Thinnest Tungsten Disulfide Optical Hologram Will Be Used in Smart Watches

Tungsten disulfide optical hologram will be used in smart watches, with the new concept for reconstructing holographic images by using a single two-dimensional material monolayer with the thickness of less than one nanometer newly demonstrated by Missouri University of Science and Technology researchers. Their work may lead to the birth of smart watches with holographic displays, printed security cryptograms on bank notes and credit cards, and new possibilities for data storage.

Researchers described their atomically thin nonlinear optical holograms in Nano Letters, one of the top journals in nanotechnology research, and prototype their device by reconstructing several kinds of holographic images with the disulfide monolayers of the thickness of around 0.7 nanometer. A nanometer is one billionth of a meter, and the disulfide monolayer only contains one layer of tungsten atoms sandwiched between two layers of sulfur atoms.
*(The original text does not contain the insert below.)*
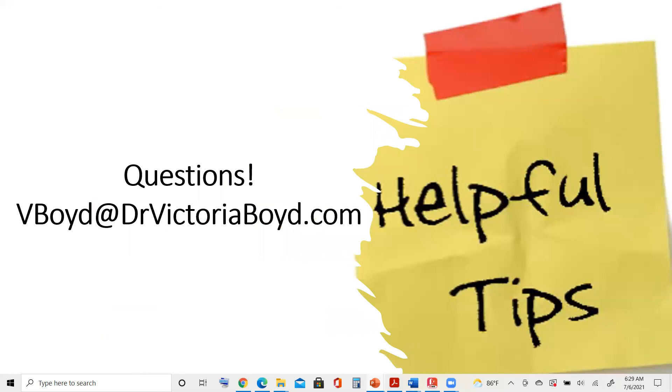But if you need more help, you have questions, just email me at vboyd at drvictoriaboyd.com. I am here to help all of our System Summit speakers.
The Nano Letters published a paper entitle "Atomically thin nonlinear transition metal dichalcogenide holograms "on August 16, describing this method. It uses only a single nanopatterned tungsten disulfide monolayer that is capable of controlling the wave front of light, where the designed hologram patterns are punctured by a nanofabrication process known as focused ion beam milling.

Using ultrafast laser to excitation on the nanopatterned tungsten disulfide monolayer film, the researchers demonstrated a nonlinear optical hologram with high conversion efficiency and atomic thickness, which can generate optical vortex beams and Airy beams, and reconstructing complex holographic images at the second harmonic frequency. The Airy beam is a waveform that is curved during motion.

In their paper, the Missouri S&T researchers reconstructed the holographic image of the Chinese character for the word "light" in blue and green colors. They believe that this new type of optical hologram holds broad applications in the future, such as security markings on banknotes and credit cards, optical communications, smart watch displays and data storage.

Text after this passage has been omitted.